Née vers 1412 à Domrémy, « la Pucelle d’Orléans » avait conduit victorieusement les troupes françaises contre les armées anglaises et ainsi rendu possible le sacre du roi Charles VII à Reims. Mais capturée par les Bourguignons, elle est vendue aux Anglais et emprisonnée dans d’indignes conditions de détention. Elle est enchaînée jour et nuit, défend sa vertu face aux geôliers anglais, est privée de sa messe quotidienne… S’ouvre alors un procès en hérésie conduit par Pierre Cauchon, évêque de Beauvais et ancien recteur de l’université de Paris.
Dès sa première parole, cette jeune fille de 19 ans, seule à la barre, « prend la main » sur le procès. Les fers aux pieds, elle déjoue aisément les pièges d’une cinquantaine d’évêques, professeurs et docteurs de l’Université de Paris. Par la force de sa sincérité, elle déstabilise ses juges et même Cauchon, aveuglé de vanité.

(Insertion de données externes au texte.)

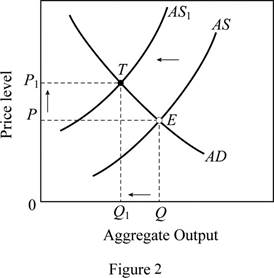 McConnell, Economics AP Edition (A/P ECONOMICS), Chapter 30, Problem 6RQ , additional homework tip  2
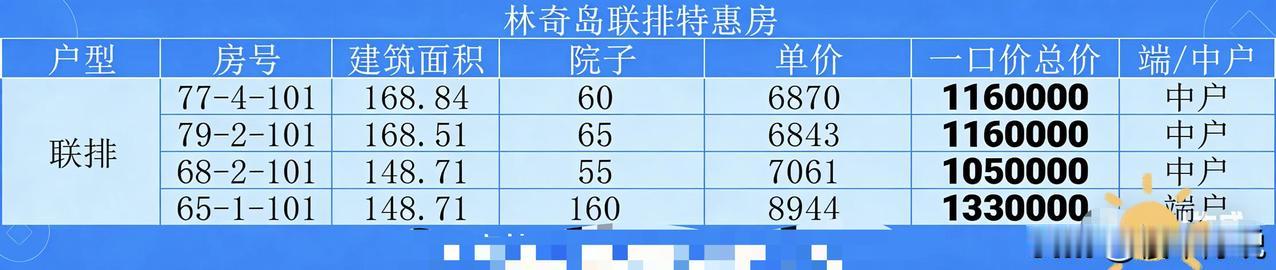 团泊东的房子现在是真便宜，100万出头买联排别墅了，130万直接160平米大院，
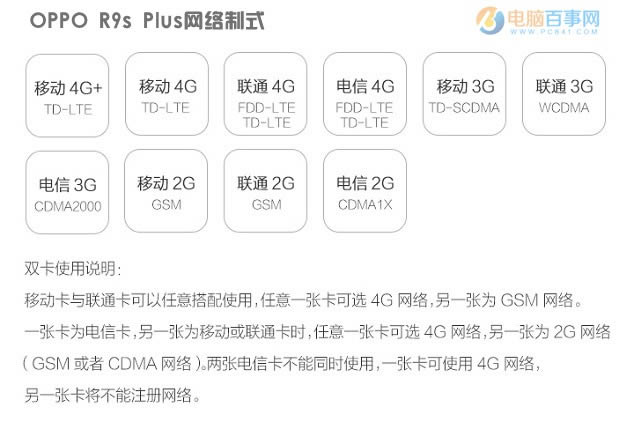 OPPO R9s PlusװOPPO R9s Plus SIMװָ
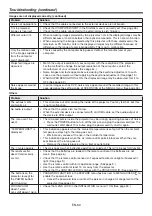 Предварительный просмотр 60 страницы Mitsubishi Electric XL7100 User Manual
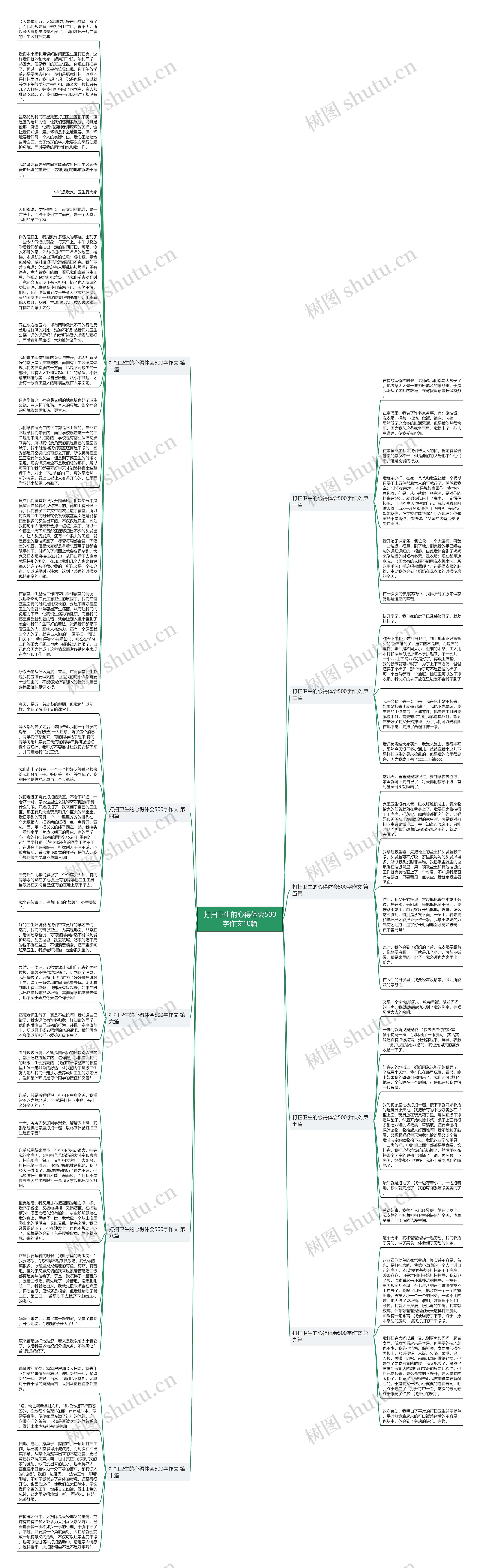 打扫卫生的心得体会500字作文10篇思维导图
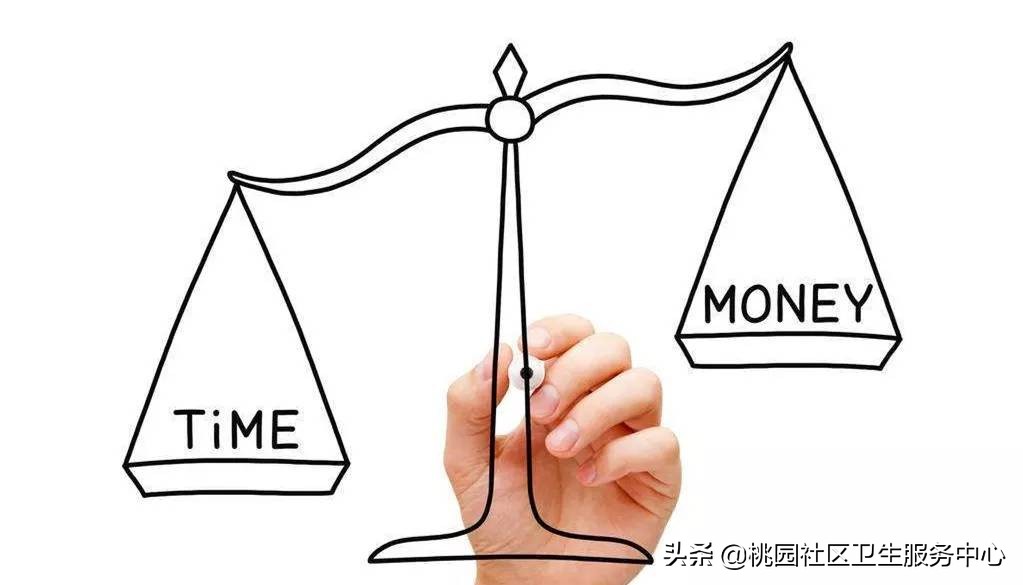 手把手教你：3分钟看懂胃镜报告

Ses répliques sont restées célèbres. Lorsqu’on lui demande si elle est « dans la grâce de Dieu », elle répond avec majesté « Si je n’y suis, Dieu m’y mette ; et si j’y suis, Dieu m’y tienne ». On ne peut qu’admirer la beauté de la langue qu’elle emploie. Jeanne apparait ainsi dans toute sa vivacité, son charme et son audace. On reste souvent stupéfait face à la profondeur mystique de ses réponses.
Malgré sa défense, à la fin de ce procès entaché de nombreuses irrégularités, elle sera condamnée à être brûlée vive le 30 mai 1431. Mais elle sera réhabilitée par un nouveau procès en 1456, avant d’être canonisée en 1920.
Jacques Trémolet de Villers commente le procès avec sa compétence d’avocat pénaliste. Il analyse la stratégie des juges et les manoeuvres des interrogateurs. Il explique la ligne de défense inspirée de l’accusée. Le résultat est saisissant. On découvre la tension tragique de ce procès politique. Les lumineuses réponses de Jeanne éclairent notre époque obscure. Pour Jacques Trémolet de Villers, il n’y a qu’une seule explication : Jeanne est guidée par les voix de Sainte Catherine et de Sainte Marguerite. Il révèle ainsi qu’ “elle est naturelle jusque dans le surnaturel”.
Kristol Séhec
Jeanne d’Arc, Le procès de Rouen, lu et commenté par Jacques Trémolet de Villers, Éditeur Les Belles Lettres, 320 pages, 24,90 euros.